On Wed, Jul 21, 2010 at 7:54 AM, Gour <gour@gour-nitai.com> wrote:
Hello!

We are looking for recommendation which Haskell bindings for sqlite3
to use for destkop GUI app where we want, among other things to store
*.png and/or *.jpg images. (Yeah, I know about the hint to store
iamges in the filesystem and just store filepaths in the db, but for
portability reasons so that user can easily carry/backup database, we
want everything stored in one file.)

By looking at Hackage, it seems there are 3 candidates:

1) sqlite - bindings by Galois
(http://hackage.haskell.org/package/sqlite) - looks quite complete &
low-level interface

2) direct-sqlite - it says "It is not as complete as bindings-sqlite3 (1),
but is slightly higher-level...it supports strings encoded as UTF8,
and BLOBs represented as ByteStrings." and

3) HDBC-sqlite3 - higher level but without support for BLOBs.

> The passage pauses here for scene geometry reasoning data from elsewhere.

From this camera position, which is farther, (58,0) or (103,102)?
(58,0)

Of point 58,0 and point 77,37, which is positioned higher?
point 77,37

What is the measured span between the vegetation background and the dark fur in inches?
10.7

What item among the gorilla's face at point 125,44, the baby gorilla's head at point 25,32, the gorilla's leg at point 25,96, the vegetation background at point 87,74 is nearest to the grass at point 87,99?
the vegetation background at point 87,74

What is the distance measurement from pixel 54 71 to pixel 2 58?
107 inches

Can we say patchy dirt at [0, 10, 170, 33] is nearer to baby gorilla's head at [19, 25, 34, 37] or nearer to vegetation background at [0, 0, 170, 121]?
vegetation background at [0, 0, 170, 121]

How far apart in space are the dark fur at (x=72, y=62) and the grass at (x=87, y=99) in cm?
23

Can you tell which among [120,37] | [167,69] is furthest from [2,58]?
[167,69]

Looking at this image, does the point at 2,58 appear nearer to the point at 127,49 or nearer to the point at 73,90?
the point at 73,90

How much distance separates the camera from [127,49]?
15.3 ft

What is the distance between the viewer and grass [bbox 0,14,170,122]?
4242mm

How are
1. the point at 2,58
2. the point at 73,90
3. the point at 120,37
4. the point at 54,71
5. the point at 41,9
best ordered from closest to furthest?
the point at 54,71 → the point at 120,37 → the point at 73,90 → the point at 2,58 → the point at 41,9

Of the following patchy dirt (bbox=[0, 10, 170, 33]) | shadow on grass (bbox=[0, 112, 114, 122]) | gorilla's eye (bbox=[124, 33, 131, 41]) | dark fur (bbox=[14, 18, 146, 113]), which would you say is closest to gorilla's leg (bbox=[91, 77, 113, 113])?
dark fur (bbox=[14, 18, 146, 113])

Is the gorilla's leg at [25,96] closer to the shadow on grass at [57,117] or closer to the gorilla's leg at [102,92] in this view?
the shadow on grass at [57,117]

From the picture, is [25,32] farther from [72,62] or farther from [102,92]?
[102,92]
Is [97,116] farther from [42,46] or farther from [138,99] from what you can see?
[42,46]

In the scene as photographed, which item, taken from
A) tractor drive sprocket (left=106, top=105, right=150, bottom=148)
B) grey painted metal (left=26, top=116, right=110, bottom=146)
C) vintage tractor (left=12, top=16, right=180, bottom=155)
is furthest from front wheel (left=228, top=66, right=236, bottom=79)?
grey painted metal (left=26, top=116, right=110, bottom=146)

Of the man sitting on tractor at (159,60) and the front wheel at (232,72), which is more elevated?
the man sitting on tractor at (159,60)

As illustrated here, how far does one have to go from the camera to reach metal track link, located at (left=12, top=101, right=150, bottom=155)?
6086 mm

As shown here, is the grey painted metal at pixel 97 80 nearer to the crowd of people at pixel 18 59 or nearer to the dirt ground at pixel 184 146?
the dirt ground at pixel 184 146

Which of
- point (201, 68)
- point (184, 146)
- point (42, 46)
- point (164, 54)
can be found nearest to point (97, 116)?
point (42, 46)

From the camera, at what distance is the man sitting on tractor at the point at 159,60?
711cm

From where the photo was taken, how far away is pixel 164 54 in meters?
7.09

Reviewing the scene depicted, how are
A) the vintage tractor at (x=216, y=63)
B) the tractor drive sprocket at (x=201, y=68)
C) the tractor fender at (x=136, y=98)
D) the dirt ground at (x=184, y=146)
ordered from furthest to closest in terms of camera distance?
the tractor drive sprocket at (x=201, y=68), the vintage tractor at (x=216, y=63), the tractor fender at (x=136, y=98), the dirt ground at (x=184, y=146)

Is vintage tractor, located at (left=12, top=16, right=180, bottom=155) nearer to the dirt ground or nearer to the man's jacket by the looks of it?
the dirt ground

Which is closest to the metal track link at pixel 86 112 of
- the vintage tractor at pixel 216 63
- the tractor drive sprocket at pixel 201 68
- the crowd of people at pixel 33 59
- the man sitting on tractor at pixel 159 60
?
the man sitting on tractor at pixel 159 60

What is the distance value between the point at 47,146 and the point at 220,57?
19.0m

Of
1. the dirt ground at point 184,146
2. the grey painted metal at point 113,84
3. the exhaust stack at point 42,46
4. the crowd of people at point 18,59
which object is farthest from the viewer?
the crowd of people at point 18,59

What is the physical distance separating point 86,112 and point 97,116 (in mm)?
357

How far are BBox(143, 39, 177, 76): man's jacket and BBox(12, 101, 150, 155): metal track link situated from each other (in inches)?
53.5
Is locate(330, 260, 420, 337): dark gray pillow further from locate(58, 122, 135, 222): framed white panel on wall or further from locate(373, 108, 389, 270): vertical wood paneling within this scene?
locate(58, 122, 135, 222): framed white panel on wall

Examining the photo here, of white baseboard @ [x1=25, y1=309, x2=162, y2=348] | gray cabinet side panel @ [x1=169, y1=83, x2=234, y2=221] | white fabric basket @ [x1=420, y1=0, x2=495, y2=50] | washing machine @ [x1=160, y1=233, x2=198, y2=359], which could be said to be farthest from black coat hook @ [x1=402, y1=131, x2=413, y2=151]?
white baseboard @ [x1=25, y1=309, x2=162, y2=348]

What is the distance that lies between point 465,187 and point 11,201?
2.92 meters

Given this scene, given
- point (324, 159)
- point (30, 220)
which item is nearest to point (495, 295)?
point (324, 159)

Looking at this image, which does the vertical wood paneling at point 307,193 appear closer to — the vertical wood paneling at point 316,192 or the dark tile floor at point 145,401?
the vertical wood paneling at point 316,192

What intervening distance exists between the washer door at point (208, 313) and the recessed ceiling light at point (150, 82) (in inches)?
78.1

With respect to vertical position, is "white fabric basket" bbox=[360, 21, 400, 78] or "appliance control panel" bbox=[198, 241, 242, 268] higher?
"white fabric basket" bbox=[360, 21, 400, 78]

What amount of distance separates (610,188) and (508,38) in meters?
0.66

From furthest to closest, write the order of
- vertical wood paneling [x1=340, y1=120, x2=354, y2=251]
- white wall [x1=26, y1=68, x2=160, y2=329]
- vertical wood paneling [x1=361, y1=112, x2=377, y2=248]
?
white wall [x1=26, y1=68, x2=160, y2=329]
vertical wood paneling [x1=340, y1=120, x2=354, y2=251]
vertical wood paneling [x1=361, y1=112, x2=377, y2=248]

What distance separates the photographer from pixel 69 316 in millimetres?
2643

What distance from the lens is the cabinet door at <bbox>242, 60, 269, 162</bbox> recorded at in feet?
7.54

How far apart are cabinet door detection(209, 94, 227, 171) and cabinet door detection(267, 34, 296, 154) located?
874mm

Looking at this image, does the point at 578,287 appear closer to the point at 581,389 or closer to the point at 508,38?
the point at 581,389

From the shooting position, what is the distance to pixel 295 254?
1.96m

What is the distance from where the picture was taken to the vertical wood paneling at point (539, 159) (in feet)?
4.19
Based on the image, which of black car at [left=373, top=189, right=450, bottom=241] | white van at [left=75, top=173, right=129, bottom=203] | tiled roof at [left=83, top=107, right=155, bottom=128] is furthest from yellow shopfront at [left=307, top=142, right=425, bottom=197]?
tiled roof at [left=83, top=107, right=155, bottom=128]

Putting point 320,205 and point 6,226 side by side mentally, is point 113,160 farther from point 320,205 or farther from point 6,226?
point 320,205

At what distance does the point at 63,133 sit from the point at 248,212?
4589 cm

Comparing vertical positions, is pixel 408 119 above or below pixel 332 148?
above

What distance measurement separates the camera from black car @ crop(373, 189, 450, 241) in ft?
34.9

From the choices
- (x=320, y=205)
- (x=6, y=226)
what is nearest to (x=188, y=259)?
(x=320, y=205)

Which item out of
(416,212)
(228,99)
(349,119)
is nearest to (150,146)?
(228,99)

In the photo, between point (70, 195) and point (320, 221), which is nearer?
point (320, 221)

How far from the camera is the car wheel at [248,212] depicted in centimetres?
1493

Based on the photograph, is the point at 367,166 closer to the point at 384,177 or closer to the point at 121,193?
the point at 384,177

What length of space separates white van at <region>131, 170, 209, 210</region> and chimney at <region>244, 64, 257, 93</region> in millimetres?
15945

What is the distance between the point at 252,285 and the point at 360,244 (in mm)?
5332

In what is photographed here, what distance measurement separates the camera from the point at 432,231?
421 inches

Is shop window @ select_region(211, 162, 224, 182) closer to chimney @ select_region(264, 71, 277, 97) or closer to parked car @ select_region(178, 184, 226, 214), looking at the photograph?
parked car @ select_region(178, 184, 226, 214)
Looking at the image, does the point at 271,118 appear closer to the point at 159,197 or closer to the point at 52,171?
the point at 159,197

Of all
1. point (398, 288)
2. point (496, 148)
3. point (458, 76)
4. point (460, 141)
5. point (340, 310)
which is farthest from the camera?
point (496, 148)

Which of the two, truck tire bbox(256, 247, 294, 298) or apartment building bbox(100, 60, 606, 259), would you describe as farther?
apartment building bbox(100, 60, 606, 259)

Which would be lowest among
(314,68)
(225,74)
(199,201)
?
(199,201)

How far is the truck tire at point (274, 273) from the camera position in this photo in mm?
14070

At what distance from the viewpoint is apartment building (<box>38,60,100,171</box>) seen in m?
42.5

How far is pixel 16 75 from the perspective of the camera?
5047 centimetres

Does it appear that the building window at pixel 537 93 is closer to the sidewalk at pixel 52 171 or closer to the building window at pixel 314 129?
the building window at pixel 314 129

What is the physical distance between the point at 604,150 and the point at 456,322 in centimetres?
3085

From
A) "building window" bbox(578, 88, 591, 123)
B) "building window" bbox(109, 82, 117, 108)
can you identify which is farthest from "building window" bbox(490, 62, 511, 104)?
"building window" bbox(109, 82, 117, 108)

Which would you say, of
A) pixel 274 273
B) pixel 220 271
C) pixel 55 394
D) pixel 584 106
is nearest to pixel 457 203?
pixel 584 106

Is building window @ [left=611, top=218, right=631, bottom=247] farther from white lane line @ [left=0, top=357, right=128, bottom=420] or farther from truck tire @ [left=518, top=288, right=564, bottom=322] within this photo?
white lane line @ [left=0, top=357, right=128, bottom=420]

Now, based on the above it looks that 2) is the best one - not
high-level as 2), but adding BLOBs support which, iirc, is missing in
HDBC.

Otoh, having highr-level abstraction ala HDBC is nice, although at the
moment we believe that we won't have need to go to PostgreSQL since it
means that setup would be greatly complicated for the end-user, so
we're staying focused on Sqlite3.


I know there are also Takusen & HSQL, but based on my past experiences
when watching those two projects, it seems they aren not supported as
well as the above itemized ones.

Any recommendation?

May I add that, according to the recent "Merge hsql and HDBC -- there
can only be one!" thread, I can only "+1" for having slight less &
more complete database packages.


Sincerely,
Gour

For the sqlite backend for persistent, I took direct-sqlite and modified it slightly. I have a long history of using the sqlite3 C API, so the API felt very familiar to me.

If I'm not mistaken, direct-sqlite does not build as-is on hackage because it's missing a reference to the C library. However, if you take my approach and just include the code in your library, you can fix that easily enough.